De janeiro a outubro de 2024, PMs de São Paulo mataram uma pessoa a cada dez horas
Uma “política de morte”. Assim o ouvidor das polícias de São Paulo, Claudio Aparecido da Silva, 48, classifica a gestão implementada pelo secretário de Segurança Pública, Guilherme Derrite, com a anuência do governador do Estado, Tarcísio de Freitas.
A avaliação é baseada em evidências. De janeiro a outubro de 2024, policiais militares de São Paulo mataram uma pessoa a cada dez horas, segundo levantamento do portal UOL com base em dados da SSP (Secretaria da Segurança Pública). O número é mais que o dobro do que o registrado em 2022, ano anterior à gestão Tarcísio.
A SSP afirma que todos os casos são investigados pelas polícias Civil e Militar, e que “não compactua com desvios de conduta” de policiais. O ouvidor discorda.
Leia os principais trechos da entrevista exclusiva ao UOL:
UOL: Diante dos casos recentes de violência policial repercutidos pela imprensa, o governador e o secretário se manifestaram rapidamente para condenar as ações policiais. O senhor enxerga esses posicionamentos como uma mudança de postura por parte dos dois, ou apenas de discurso?
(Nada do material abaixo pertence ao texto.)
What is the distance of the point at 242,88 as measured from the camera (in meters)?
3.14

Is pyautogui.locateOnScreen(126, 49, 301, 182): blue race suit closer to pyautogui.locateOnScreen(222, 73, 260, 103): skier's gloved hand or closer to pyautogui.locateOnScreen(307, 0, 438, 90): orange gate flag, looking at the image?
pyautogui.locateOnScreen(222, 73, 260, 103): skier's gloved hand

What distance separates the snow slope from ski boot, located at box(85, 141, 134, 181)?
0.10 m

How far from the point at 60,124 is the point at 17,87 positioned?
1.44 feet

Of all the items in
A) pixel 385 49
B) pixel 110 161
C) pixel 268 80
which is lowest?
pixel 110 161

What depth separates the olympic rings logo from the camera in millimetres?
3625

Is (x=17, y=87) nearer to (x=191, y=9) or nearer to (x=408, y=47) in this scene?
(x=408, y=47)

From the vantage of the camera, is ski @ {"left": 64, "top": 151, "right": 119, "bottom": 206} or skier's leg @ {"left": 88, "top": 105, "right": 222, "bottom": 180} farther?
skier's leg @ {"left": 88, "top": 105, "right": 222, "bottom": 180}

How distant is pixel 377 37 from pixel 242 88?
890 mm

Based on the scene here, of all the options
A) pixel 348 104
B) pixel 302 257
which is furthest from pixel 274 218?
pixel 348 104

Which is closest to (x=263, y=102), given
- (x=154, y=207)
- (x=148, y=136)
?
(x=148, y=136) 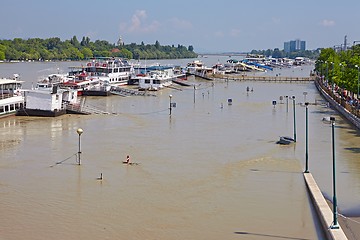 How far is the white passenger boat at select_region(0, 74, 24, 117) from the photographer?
28.1 m

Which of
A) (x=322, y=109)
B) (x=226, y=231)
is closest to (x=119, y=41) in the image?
(x=322, y=109)

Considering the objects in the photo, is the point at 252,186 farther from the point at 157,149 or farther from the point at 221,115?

Ouvidor: Não avalio que haja uma mudança de postura do secretário e do governador em relação à política de segurança pública que está sendo implementada no estado de São Paulo. Eu acho que foi uma posição circunstancial em razão de uma grande mobilização da opinião pública e de uma insatisfação social com essa política de segurança.
Eu atribuo a responsabilidade por esse comportamento da polícia ao secretário de segurança pública e também ao governador, que tem sido condescendente com o secretário na implementação dessa política de morte no nosso estado. Não há uma região de São Paulo hoje em que as mortes decorrentes de intervenção policial não tenham aumentado. O governador tem grande responsabilidade nisso. É em razão desse alto índice de violência policial, inclusive, que a ouvidoria encaminhou um pedido de investigação contra o governador ao procurador-geral de Justiça.
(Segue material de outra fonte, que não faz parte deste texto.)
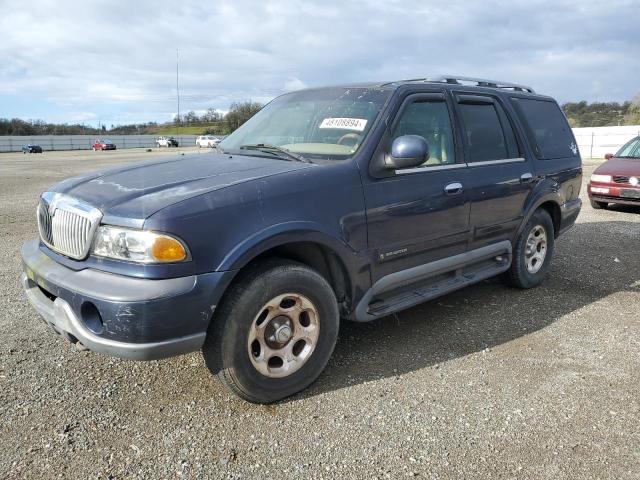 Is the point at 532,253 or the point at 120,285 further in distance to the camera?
the point at 532,253

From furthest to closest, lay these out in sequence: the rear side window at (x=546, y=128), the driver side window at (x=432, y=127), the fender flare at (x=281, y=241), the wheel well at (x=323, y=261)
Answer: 1. the rear side window at (x=546, y=128)
2. the driver side window at (x=432, y=127)
3. the wheel well at (x=323, y=261)
4. the fender flare at (x=281, y=241)

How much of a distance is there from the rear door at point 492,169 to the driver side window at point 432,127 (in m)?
0.19

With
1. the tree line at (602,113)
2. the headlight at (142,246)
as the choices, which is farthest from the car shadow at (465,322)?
the tree line at (602,113)

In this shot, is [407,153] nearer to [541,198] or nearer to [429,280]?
[429,280]

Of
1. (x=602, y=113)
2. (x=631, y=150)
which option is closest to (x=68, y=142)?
(x=602, y=113)

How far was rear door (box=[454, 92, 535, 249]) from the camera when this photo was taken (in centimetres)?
423

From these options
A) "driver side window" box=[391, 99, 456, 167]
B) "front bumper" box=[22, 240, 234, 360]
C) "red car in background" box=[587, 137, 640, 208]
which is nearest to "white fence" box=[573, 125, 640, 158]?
"red car in background" box=[587, 137, 640, 208]

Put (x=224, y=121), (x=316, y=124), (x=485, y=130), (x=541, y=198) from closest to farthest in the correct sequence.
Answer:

O que embasa esse pedido da ouvidoria contra o governador?
Pedimos para que se investigue a postura dele, o que ele tem feito, quais são as medidas que ele tem tomado para reduzir esse nível de agressividade e violência praticada pela polícia. O governador precisa ser responsabilizado. Afinal de contas, quem foi eleito para o cargo de governador foi ele e o secretário de segurança pública só ocupa esse posto porque o governador o colocou lá.
Há alguma perspectiva por parte da ouvidoria de que essas ações policiais violentas diminuam no estado com a repercussão que os casos têm ganhado?
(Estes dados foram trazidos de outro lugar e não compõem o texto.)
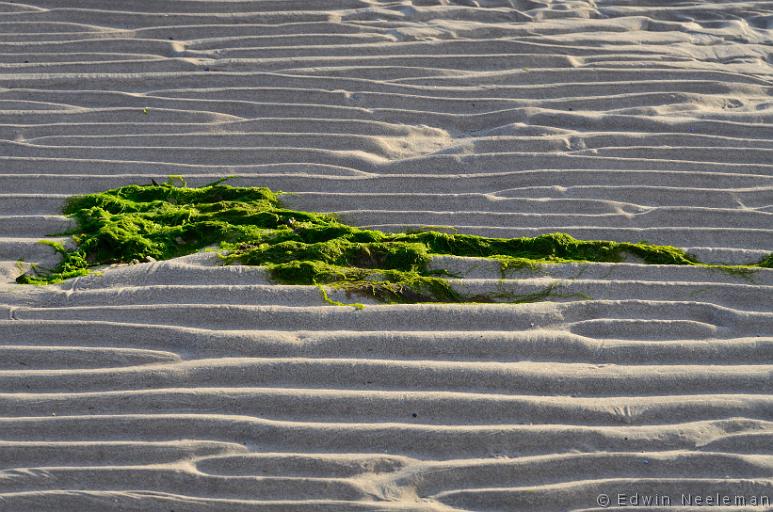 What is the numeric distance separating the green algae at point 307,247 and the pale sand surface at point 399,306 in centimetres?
9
Eu não acredito que vá mudar, a não ser que haja uma mudança radical na postura do governador em relação à orientação que precisa dar para as tropas. Acho, inclusive, uma covardia ficar dois anos orientando a tropa a ser dura, a ser violenta, a agredir as pessoas e, depois, simplesmente dizer que eles terão punição exemplar pela violência que praticaram. Todas as vezes que o secretário de Segurança Pública emite uma nota à imprensa relacionada a uma violência praticada pela polícia, ele coloca nas entrelinhas alguma legitimação daquela atuação. Quando o porta-voz da polícia militar de São Paulo vai dar uma entrevista coletiva, ele fala que os policiais são afastados porque são vítimas. Ao falar sobre o caso do Ryan, em que ele admite que uma criança de 4 anos foi morta com um tiro da polícia, ele defende a redução da maioridade penal. Isso tudo legitima a postura violenta da polícia.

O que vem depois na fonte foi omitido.